- [Data]:
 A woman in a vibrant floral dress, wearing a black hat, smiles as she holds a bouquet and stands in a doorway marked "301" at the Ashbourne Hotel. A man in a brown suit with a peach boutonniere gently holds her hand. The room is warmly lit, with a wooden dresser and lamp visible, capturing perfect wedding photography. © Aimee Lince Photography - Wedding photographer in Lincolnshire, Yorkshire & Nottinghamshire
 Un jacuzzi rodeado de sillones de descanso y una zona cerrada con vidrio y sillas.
* * *
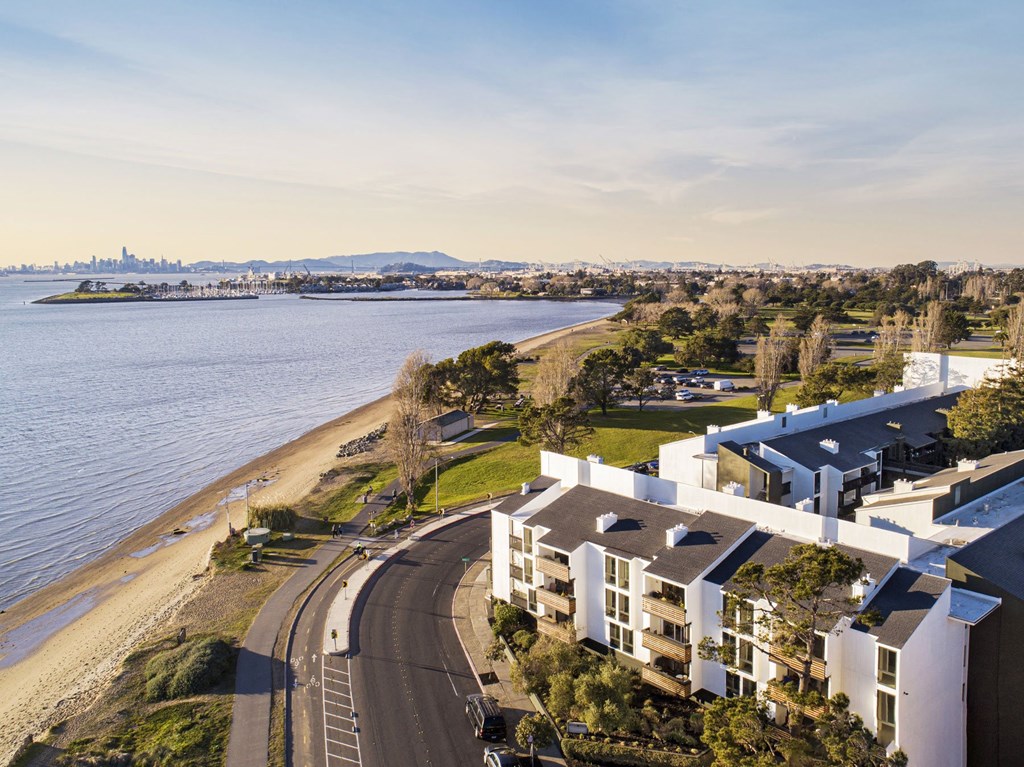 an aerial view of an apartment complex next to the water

- [Task details]: Begin with the line above that has "A woman in a" and continue through the line that has "Un jacuzzi rodeado", setting each one down exactly. Stop there.

- [Output below]:
 A woman in a vibrant floral dress, wearing a black hat, smiles as she holds a bouquet and stands in a doorway marked "301" at the Ashbourne Hotel. A man in a brown suit with a peach boutonniere gently holds her hand. The room is warmly lit, with a wooden dresser and lamp visible, capturing perfect wedding photography. © Aimee Lince Photography - Wedding photographer in Lincolnshire, Yorkshire & Nottinghamshire
 Un jacuzzi rodeado de sillones de descanso y una zona cerrada con vidrio y sillas.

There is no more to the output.